I used to work for a company that extruded polypropylene (PP), lots of PP, as in it extruded PP and very little of anything else. Obviously, they were quite sensitive to its pricing - the CFO knew exactly how much each penny increase cost the company on a yearly basis. When prices started rising, the scythe of the layoff demon would start swinging. As I recall, it was one person for every 5 cents increase.
I can only imagine how they are handling the increases this year. When I got back from Boston last week, the Plastics News sitting in my mailbox had a lead story of a double digit increase (again) - 15 cents since April - making for a total increase of 27 cents just this year. How can anyone handle those increases in such a short time period? Some processors are simply moving away to alternative resins, such as polystyrene, the very same resin that fell out of demand as people moved to PP instead.

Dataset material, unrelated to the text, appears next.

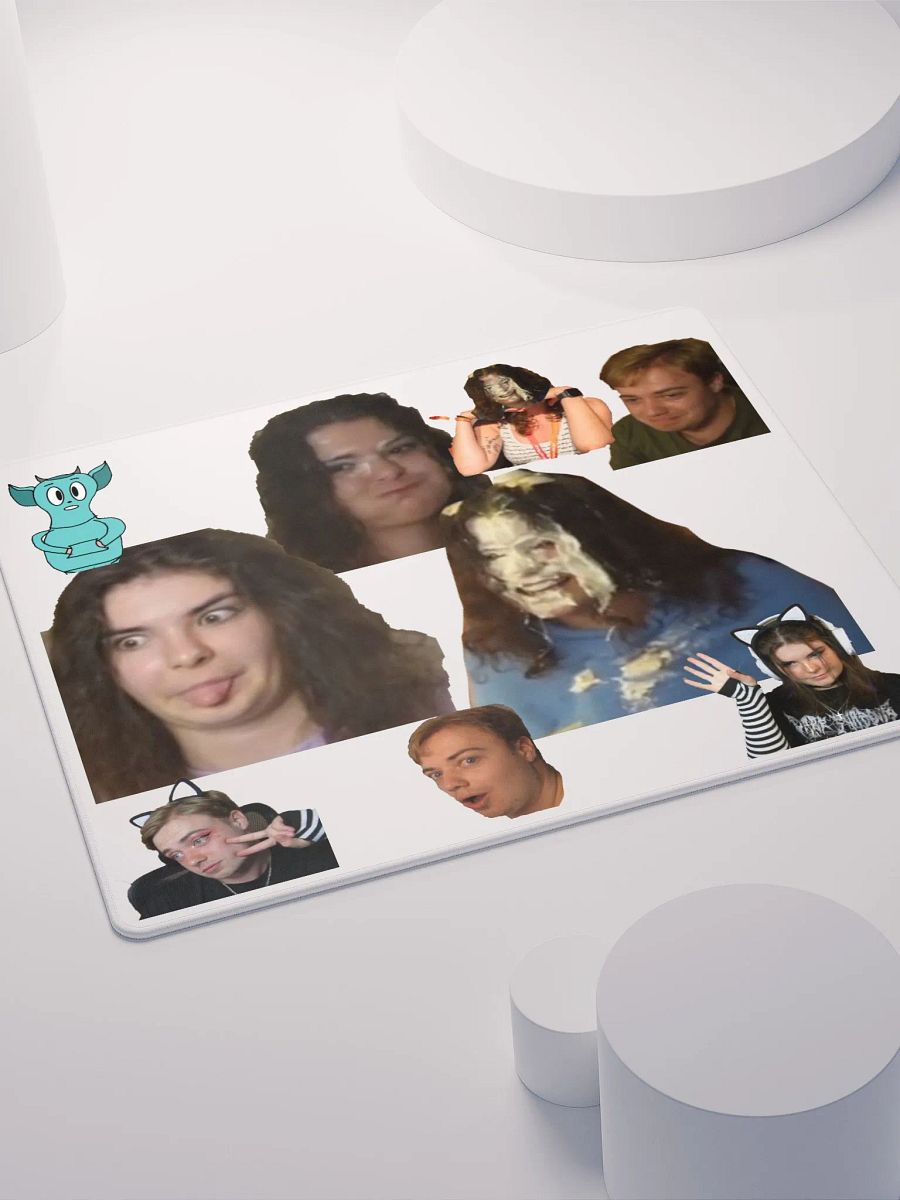 Cursed Subathon mousepad product image (4)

There's a number of reasons for the increases, including one supplier declaring force majeur, and weather-related issues affecting other suppliers in the South. Also, the increased use of methane as a feedstock doesn't help.[*]

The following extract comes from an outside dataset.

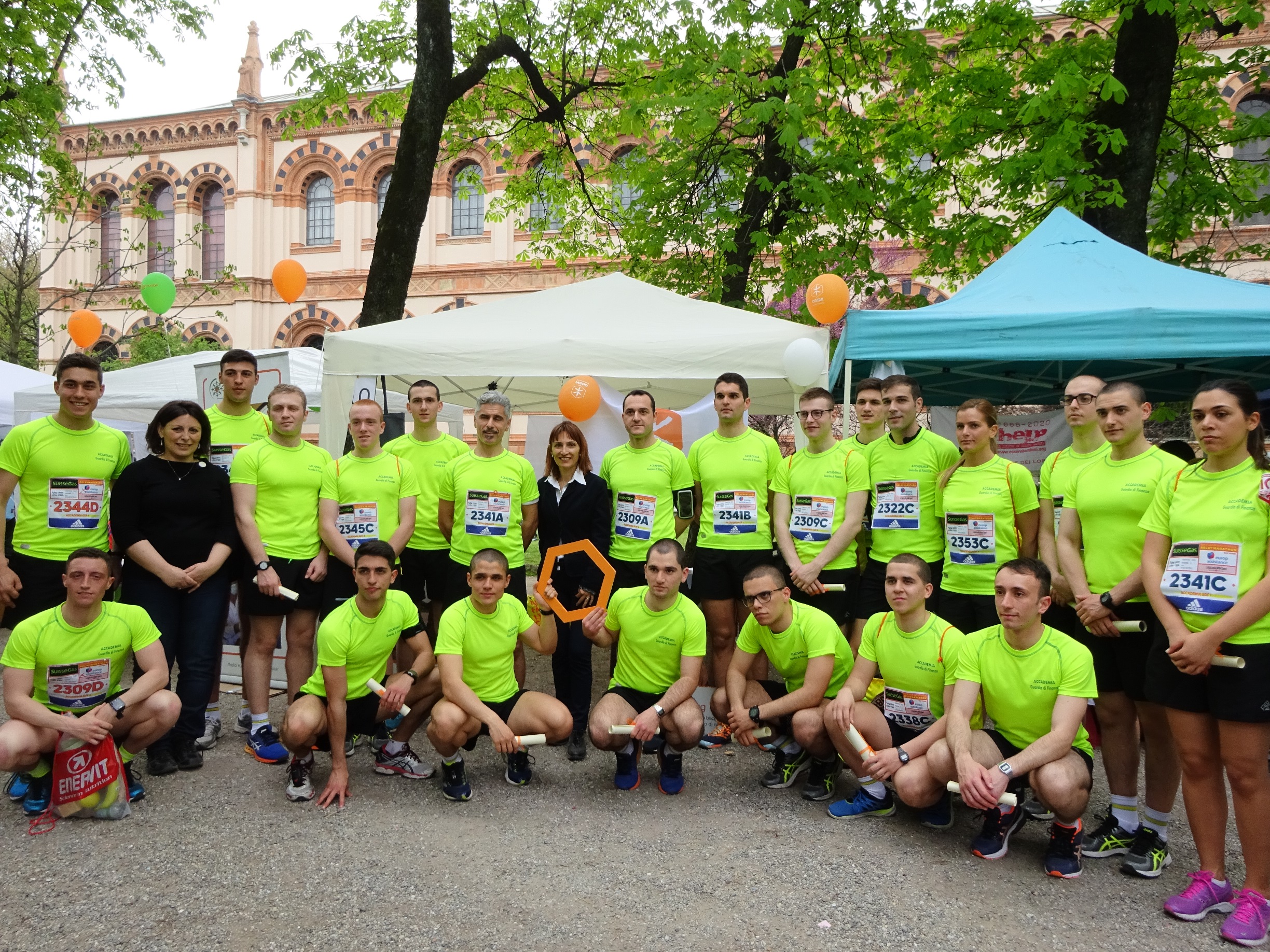 Corri e dona km alle cliniche mobili!-Cesvi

At the same time, people are seeing opportunities here and are responding. ICIS is reporting that Dow is now looking at cracking propane and butane to make propylene. None of these changes will happen quickly so I certainly wouldn't hold my breath on prices dropping significantly anytime soon, and I would expect the layoffs to continue at the old employer of mine. I'm glad my current employer is not as beholden to PP.
[*] It helps the (poly)ethylene markets as it's easier to make ethylene from methane than it is to make propylene. And once you have ethylene, you can make vinyl chlorine monomer as well, so PVC is not affected by these changes much either.